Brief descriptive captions
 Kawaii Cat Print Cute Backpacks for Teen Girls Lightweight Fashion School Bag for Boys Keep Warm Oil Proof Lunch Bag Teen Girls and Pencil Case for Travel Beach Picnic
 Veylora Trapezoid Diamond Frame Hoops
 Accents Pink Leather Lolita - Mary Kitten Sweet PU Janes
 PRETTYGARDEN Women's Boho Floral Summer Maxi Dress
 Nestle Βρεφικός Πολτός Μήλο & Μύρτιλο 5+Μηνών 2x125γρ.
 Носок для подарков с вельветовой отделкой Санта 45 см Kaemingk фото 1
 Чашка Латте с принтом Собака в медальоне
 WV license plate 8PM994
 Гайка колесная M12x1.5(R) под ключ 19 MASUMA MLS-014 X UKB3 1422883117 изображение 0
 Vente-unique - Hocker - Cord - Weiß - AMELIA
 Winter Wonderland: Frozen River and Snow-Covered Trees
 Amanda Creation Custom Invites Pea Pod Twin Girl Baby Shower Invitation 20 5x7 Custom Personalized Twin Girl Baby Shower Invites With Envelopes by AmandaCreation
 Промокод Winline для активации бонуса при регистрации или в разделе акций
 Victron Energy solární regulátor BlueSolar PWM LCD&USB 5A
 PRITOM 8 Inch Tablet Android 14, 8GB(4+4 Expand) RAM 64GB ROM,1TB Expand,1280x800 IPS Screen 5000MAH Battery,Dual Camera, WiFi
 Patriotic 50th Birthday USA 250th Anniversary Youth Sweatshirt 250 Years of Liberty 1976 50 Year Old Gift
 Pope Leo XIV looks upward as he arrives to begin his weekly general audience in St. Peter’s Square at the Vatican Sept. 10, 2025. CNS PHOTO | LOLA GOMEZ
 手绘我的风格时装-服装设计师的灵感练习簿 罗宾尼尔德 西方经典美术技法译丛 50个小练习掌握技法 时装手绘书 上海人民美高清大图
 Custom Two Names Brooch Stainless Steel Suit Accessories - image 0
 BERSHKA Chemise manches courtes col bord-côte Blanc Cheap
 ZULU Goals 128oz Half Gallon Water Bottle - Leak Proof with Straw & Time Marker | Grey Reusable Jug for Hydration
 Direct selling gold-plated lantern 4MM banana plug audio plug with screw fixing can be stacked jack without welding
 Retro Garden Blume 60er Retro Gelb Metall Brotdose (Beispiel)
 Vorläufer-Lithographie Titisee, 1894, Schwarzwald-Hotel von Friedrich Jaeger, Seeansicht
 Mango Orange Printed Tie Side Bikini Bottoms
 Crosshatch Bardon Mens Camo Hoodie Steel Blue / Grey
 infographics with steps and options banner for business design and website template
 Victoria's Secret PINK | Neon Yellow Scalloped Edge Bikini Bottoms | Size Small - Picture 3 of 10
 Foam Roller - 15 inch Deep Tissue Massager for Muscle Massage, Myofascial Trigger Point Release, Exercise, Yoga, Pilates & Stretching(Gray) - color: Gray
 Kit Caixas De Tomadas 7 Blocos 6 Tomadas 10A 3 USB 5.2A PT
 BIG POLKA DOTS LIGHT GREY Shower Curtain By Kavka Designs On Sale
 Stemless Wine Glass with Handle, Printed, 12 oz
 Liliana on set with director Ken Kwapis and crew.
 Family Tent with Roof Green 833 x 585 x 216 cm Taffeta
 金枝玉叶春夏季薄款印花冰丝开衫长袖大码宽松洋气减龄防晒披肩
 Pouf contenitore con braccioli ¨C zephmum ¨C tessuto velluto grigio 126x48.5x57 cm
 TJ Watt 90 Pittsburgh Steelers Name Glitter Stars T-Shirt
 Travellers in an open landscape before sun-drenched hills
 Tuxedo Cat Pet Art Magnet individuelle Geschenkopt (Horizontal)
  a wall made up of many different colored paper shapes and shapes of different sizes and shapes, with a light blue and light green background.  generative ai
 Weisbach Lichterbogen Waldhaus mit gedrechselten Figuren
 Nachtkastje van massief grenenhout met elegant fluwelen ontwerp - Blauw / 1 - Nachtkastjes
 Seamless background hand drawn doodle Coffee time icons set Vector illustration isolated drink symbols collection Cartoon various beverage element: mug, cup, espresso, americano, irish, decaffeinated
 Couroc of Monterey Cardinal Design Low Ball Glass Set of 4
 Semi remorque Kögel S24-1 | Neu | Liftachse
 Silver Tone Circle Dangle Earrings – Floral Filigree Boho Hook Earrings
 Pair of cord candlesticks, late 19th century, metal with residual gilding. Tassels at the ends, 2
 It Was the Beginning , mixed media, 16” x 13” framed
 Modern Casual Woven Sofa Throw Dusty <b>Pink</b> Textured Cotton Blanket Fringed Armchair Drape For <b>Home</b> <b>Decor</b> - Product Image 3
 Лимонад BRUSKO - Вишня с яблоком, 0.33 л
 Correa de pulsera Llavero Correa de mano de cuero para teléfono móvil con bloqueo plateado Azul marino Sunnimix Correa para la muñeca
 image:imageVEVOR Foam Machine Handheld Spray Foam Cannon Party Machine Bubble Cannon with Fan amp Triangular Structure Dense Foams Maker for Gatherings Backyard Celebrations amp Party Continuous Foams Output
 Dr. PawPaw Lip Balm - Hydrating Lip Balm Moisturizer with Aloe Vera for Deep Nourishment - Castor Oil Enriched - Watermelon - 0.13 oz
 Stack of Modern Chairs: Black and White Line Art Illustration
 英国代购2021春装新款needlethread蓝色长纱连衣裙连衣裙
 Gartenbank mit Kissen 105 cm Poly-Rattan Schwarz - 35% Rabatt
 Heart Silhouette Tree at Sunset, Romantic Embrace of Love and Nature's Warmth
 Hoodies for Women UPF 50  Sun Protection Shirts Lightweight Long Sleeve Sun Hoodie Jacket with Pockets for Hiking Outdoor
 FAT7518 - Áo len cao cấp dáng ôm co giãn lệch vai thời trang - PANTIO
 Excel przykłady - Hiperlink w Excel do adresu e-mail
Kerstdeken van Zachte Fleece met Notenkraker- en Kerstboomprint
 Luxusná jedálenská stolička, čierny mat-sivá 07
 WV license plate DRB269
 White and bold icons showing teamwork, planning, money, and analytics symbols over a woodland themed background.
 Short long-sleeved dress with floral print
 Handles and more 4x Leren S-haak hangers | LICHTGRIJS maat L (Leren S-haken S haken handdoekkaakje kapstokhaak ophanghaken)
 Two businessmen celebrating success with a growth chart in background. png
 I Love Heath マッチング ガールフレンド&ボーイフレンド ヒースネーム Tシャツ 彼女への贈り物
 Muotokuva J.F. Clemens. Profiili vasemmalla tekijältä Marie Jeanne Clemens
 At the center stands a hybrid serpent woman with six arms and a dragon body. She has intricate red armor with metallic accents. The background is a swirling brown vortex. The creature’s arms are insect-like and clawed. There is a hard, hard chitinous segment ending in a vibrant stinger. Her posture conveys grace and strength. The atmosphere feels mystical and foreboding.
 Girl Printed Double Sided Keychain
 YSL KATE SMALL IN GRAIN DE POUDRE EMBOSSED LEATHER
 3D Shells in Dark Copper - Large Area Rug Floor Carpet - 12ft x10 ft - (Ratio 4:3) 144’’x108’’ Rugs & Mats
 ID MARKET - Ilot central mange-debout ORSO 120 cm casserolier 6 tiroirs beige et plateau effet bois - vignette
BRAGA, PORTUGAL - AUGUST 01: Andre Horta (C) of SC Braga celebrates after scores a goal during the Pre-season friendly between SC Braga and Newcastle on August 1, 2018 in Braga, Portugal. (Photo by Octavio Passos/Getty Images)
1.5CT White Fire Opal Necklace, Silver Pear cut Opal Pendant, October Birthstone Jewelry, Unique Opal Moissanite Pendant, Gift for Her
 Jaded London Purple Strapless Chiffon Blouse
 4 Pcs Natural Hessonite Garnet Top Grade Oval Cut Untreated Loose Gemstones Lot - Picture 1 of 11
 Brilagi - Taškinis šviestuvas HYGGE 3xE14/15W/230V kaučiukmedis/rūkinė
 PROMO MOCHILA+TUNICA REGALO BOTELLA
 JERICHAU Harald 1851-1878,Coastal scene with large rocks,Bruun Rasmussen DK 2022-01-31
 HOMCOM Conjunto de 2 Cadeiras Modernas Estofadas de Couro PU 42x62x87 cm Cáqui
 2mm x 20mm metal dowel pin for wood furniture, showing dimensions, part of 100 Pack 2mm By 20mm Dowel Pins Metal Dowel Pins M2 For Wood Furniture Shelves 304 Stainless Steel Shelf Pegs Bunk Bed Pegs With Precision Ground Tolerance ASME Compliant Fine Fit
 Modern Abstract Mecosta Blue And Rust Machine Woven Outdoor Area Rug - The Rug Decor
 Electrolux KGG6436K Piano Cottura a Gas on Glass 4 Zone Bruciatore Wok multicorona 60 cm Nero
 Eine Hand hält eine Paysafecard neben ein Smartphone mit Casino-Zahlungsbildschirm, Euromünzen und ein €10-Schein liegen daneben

* [Assigned task]: The reply should consist solely of the lines above from the one that has "TJ Watt 90 Pittsburgh" through the one that has "Nachtkastje van massief", reproduced exactly.

* [Output for this exercise]:
 TJ Watt 90 Pittsburgh Steelers Name Glitter Stars T-Shirt
 Travellers in an open landscape before sun-drenched hills
 Tuxedo Cat Pet Art Magnet individuelle Geschenkopt (Horizontal)
  a wall made up of many different colored paper shapes and shapes of different sizes and shapes, with a light blue and light green background.  generative ai
 Weisbach Lichterbogen Waldhaus mit gedrechselten Figuren
 Nachtkastje van massief grenenhout met elegant fluwelen ontwerp - Blauw / 1 - Nachtkastjes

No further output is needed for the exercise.